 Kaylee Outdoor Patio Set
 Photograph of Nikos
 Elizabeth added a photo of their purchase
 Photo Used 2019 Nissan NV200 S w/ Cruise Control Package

--

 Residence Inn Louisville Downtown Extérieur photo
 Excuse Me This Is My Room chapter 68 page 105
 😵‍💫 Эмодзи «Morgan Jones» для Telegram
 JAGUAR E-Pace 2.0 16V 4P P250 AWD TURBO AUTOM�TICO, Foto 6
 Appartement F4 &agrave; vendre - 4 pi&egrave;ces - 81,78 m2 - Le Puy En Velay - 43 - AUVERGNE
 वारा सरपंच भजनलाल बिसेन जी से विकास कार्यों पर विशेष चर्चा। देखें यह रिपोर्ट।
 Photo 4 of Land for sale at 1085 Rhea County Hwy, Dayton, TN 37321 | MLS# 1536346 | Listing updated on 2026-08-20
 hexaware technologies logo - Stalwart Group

...

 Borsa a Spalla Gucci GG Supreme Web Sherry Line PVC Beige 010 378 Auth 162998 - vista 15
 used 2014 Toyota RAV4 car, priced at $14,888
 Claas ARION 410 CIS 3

Exercise brief » Where the listing above has a line with "वारा सरपंच भजनलाल", start there, and output every line exactly through the line with "hexaware technologies logo - Stalwart Group", which is also included.

Solution to this task »
 वारा सरपंच भजनलाल बिसेन जी से विकास कार्यों पर विशेष चर्चा। देखें यह रिपोर्ट।
 Photo 4 of Land for sale at 1085 Rhea County Hwy, Dayton, TN 37321 | MLS# 1536346 | Listing updated on 2026-08-20
 hexaware technologies logo - Stalwart Group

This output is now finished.